The input:
-----

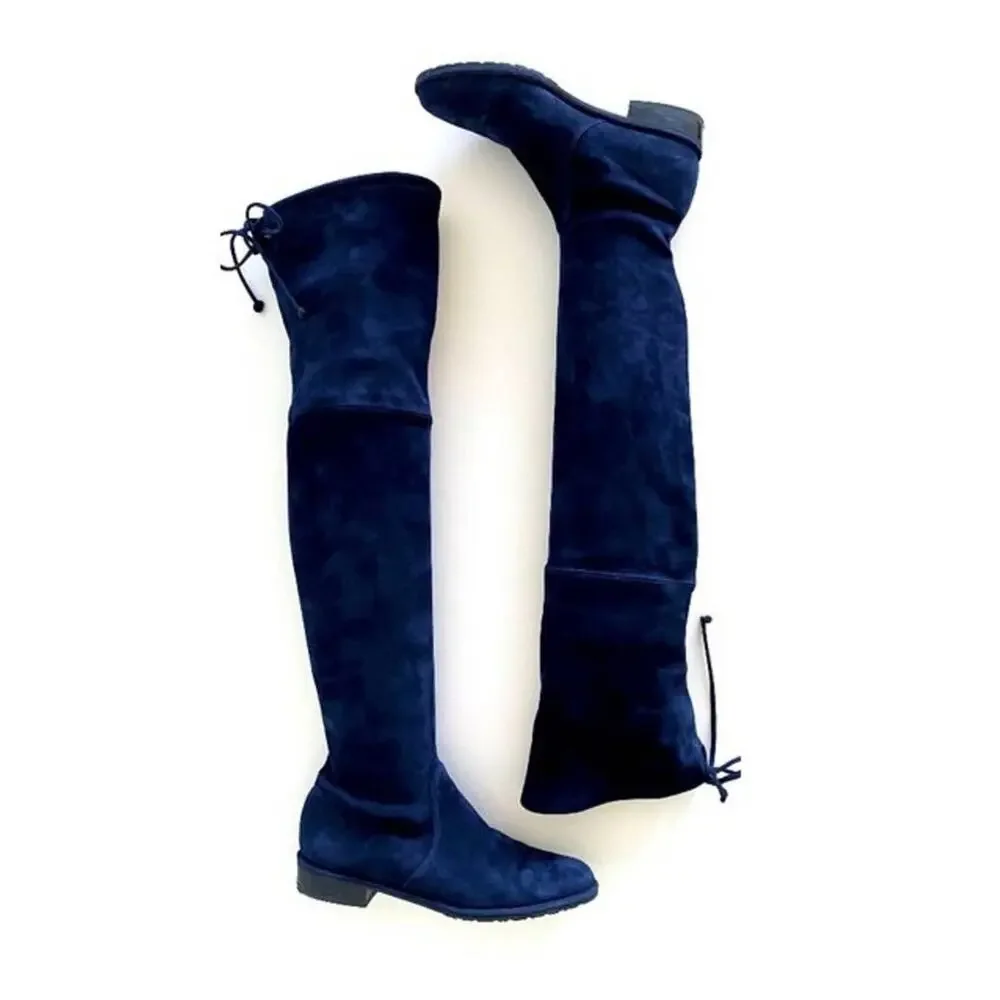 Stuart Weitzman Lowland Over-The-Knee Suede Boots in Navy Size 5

-----

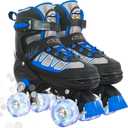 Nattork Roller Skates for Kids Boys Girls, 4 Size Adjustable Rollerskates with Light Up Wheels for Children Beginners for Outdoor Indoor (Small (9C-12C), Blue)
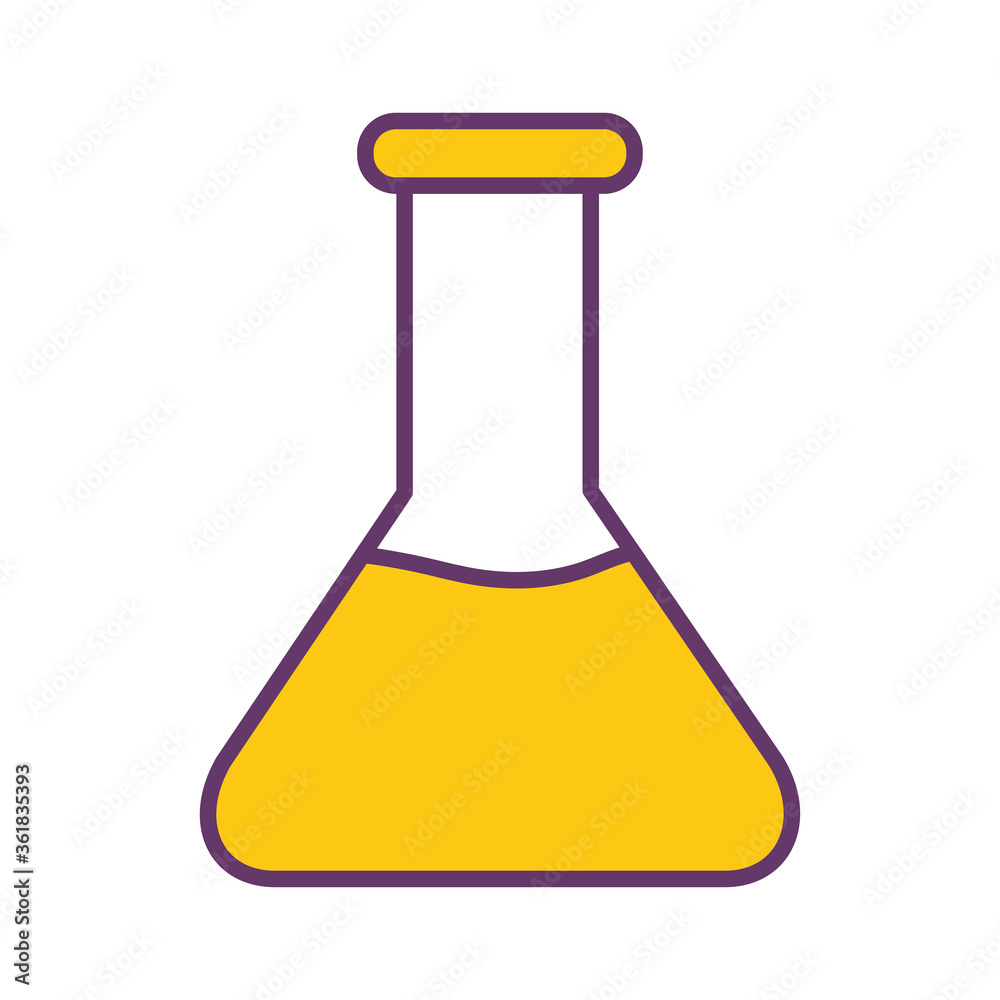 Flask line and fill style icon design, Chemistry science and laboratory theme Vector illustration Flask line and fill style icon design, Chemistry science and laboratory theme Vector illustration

-----

Problem description: From the records above, extract the lines from the one holding "Nattork Roller Skates" through the one holding "Vector illustration Flask", word for word; omit the pictures.

Output below:
 Nattork Roller Skates for Kids Boys Girls, 4 Size Adjustable Rollerskates with Light Up Wheels for Children Beginners for Outdoor Indoor (Small (9C-12C), Blue)
 Flask line and fill style icon design, Chemistry science and laboratory theme Vector illustration Flask line and fill style icon design, Chemistry science and laboratory theme Vector illustration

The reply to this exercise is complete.